For instance, we can create architectural or coding patterns that make it easier to write safer code (or, conversely, make it harder to introduce certain classes of bugs). We can provide standardized libraries for middleware that’s fraught with hazards, like authentication. Product engineering teams thereby save time by not having to implement authN themselves and we gain confidence that there aren’t a bunch of potentially jank, ad-hoc authN disasters lurking.
4. Abandon the perimeter model. Abandon the perimeter, moat-and-castle model that requires all software to be “secure” always and forever to uphold the security properties we want – because guess what, that assumption will inevitably fail. Many organizations already have dev, test, or staging environments that allow us to evaluate our assumptions about how our software works. These environments also serve as a pattern for creating isolated environments that can contain failure impact (see #7).
If your organization doesn’t already have a test or staging environment, that’s a great starter project for your cybersecurity team to make an impact; while you’re at it, advocate for integration testing, too.
5. Advise, don’t dictate. Provide an advisory service where software engineers can ask us for assistance or guidance on security-related matters. It’s better if designers and engineers can balance security tradeoffs with the others they face such as reliability, maintainability, and time-to-market instead of the security team dictating design requirements. This is a key way to align the cybersecurity program with the business.
6. Ask platform teams to integrate security. Work proactively with infrastructure and platform teams to integrate security use cases into their designs, so that the wider product engineering community can delegate security concerns to the libraries and templates they’re using.
7. Provide isolation patterns. Provide software engineering teams with mechanisms to isolate COTS software. The goal is to, at a minimum, make it compliant and reduce incident impact by design. That way, our engineering teams don’t have to beg vendors to implement our organization’s special snowflake security requirements (what the rest of the world would consider “bizarre”) or fork open-source software (OSS) to implement those requirements ourselves.
8. Conduct user research.6 Make the more secure / safer way the more delightful way, too: faster, easier, simpler. By conducting user research – taking the time to understand our users’ goals, constraints, workflows, and emotional journeys in a given activity – we can tailor the solutions we build and implement to help them achieve what they want in a safe way.

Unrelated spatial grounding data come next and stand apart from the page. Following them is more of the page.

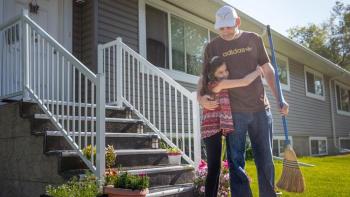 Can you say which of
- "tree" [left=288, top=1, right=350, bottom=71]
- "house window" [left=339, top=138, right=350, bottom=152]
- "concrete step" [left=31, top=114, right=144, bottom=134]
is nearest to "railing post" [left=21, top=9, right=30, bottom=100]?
"concrete step" [left=31, top=114, right=144, bottom=134]

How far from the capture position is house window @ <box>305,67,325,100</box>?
1495 cm

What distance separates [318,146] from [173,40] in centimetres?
995

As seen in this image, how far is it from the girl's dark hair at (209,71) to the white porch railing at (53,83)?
3.84ft

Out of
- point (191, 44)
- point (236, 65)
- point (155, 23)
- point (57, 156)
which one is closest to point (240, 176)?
point (236, 65)

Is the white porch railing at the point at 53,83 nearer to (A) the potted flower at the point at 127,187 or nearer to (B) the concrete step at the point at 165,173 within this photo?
(A) the potted flower at the point at 127,187

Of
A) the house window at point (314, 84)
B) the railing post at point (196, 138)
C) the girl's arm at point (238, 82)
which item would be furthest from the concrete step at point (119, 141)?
the house window at point (314, 84)

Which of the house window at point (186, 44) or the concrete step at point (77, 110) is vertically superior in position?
the house window at point (186, 44)

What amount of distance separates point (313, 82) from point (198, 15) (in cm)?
847

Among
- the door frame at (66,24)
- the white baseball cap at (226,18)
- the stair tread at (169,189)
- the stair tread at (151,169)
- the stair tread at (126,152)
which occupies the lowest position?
the stair tread at (169,189)

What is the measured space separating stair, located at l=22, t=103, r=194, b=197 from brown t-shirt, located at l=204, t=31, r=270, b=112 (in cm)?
138

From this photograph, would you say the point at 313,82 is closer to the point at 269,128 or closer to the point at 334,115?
the point at 334,115

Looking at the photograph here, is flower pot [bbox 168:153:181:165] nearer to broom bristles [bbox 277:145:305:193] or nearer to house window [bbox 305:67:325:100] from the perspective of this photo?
broom bristles [bbox 277:145:305:193]

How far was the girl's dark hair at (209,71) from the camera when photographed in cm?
287


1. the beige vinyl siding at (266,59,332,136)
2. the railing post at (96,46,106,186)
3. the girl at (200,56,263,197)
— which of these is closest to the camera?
the girl at (200,56,263,197) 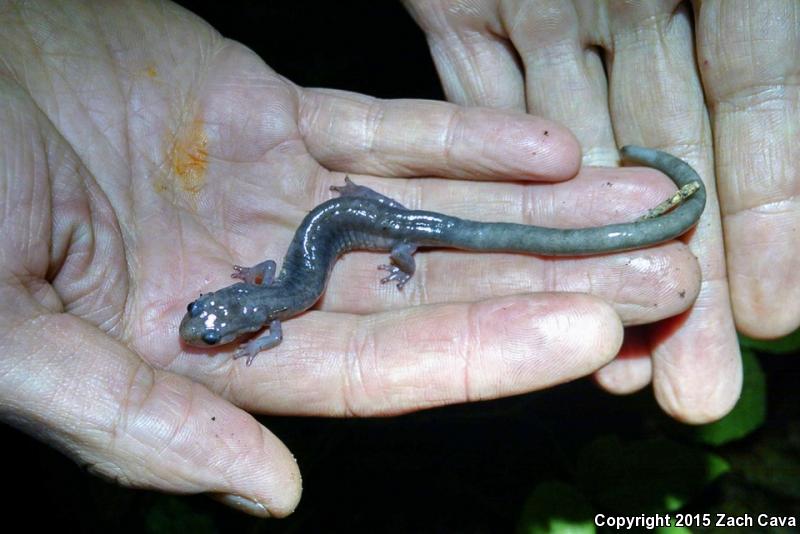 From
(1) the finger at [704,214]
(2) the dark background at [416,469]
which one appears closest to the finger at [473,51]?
(1) the finger at [704,214]

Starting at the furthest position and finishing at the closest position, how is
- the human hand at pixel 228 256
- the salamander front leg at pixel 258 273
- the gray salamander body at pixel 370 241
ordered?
the salamander front leg at pixel 258 273 → the gray salamander body at pixel 370 241 → the human hand at pixel 228 256

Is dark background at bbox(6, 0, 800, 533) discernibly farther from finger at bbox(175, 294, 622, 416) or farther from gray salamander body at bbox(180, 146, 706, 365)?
finger at bbox(175, 294, 622, 416)

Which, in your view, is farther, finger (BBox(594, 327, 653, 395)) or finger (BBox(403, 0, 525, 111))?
finger (BBox(403, 0, 525, 111))

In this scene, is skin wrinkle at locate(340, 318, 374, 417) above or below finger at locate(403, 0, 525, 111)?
below

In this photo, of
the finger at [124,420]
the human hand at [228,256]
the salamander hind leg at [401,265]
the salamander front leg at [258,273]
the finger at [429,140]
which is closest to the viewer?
the finger at [124,420]

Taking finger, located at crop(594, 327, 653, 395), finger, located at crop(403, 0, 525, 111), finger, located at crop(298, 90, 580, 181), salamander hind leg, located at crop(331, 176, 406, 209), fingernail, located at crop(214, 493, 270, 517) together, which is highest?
finger, located at crop(403, 0, 525, 111)

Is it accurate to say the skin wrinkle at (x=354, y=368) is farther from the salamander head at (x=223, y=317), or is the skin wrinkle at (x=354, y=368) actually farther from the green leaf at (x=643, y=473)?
the green leaf at (x=643, y=473)

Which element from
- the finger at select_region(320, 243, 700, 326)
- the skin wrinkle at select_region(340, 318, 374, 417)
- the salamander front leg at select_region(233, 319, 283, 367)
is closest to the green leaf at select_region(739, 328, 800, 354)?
the finger at select_region(320, 243, 700, 326) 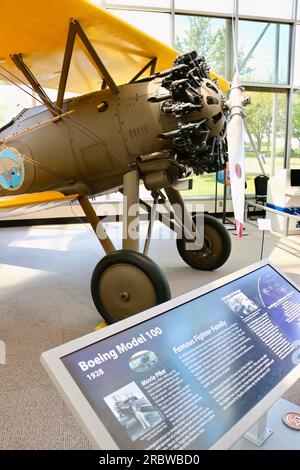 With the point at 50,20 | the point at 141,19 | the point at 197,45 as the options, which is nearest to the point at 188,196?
the point at 197,45

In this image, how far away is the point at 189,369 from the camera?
46.4 inches

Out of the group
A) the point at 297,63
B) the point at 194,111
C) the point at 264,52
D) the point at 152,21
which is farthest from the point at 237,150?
the point at 297,63

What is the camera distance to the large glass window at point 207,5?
24.3 feet

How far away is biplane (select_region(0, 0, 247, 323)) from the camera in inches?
107

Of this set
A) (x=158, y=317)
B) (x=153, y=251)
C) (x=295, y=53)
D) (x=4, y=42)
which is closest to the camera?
(x=158, y=317)

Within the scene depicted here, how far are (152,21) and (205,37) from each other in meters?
1.17

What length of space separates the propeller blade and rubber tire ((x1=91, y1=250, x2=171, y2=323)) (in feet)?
2.74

As one relatively common example, rolling out SSO can result in a delightful experience for engineering teams because all their apps are now in one place; the user just needs to SSO into their apps for access rather than maintaining N separate accounts (reducing the number of steps)7. It means we’ve improved security while boosting speed and ease of use. Our business will be dead chuffed.
Towards better cybering
I mentioned that I’ve heard people sincerely describe the CISO role as one of the hardest jobs in corporate America. They should be delighted to hear that the CISOs I know who follow at least some of the above seem to enjoy their jobs much more than those who are still attempting to use carriage whips to steer their devs.
In the model described above – and indeed in the Platform Resilience Engineering discipline I describe in my book – we get to build things and solve real problems for real humans in an empathetic way. We can behold tangible improvements, not vague successes like “improved risk coverage by X%.”8
We don’t have to feel so alone in the cybersecurity struggle. This approach gives us opportunities to learn from our platform engineering and SRE colleagues – to develop a collaborative vibe rather than a combative one. These teams want to help us solve security problems; they don’t want to create or implement roadblocks, but we shouldn’t either. We should want sustained resilience – because that means we can sustain our organization’s success.
tl;dr Paved roads, not roadblocks.
Thanks to Lita Cho and Gregory Poirier for feedback.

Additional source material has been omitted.